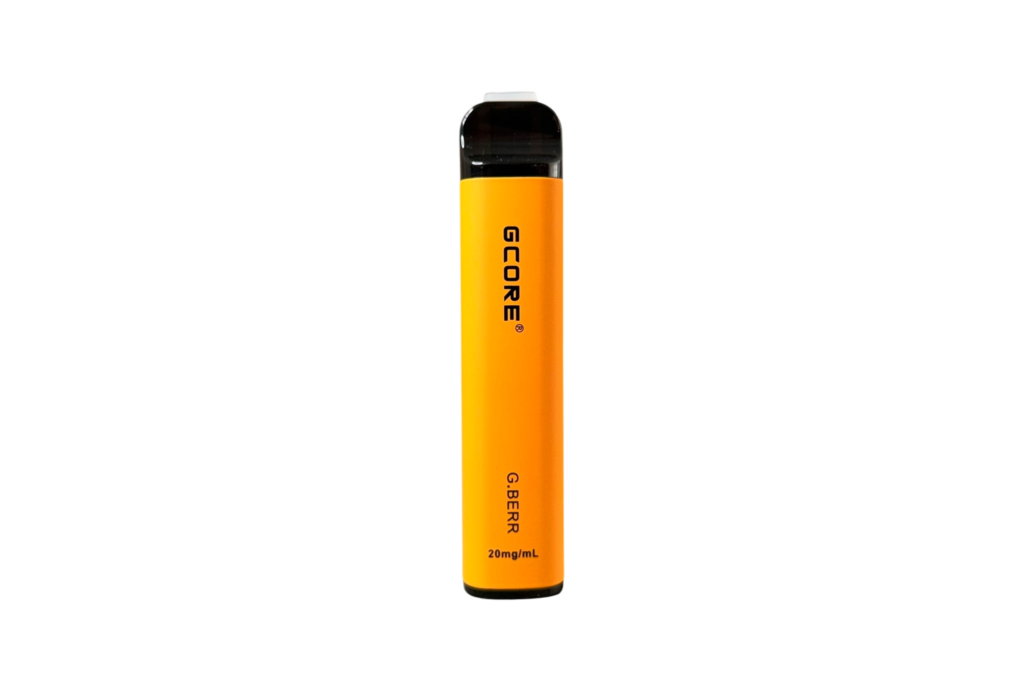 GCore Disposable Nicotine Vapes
--
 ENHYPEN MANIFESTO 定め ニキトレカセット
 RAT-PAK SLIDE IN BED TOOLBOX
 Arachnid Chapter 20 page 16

» Problem details
Write out exactly the lines above between the line with "RAT-PAK SLIDE IN BED TOOLBOX" and the line with "Arachnid Chapter 20 page 16", inclusive, and nothing beyond them.

» Finished task
 RAT-PAK SLIDE IN BED TOOLBOX
 Arachnid Chapter 20 page 16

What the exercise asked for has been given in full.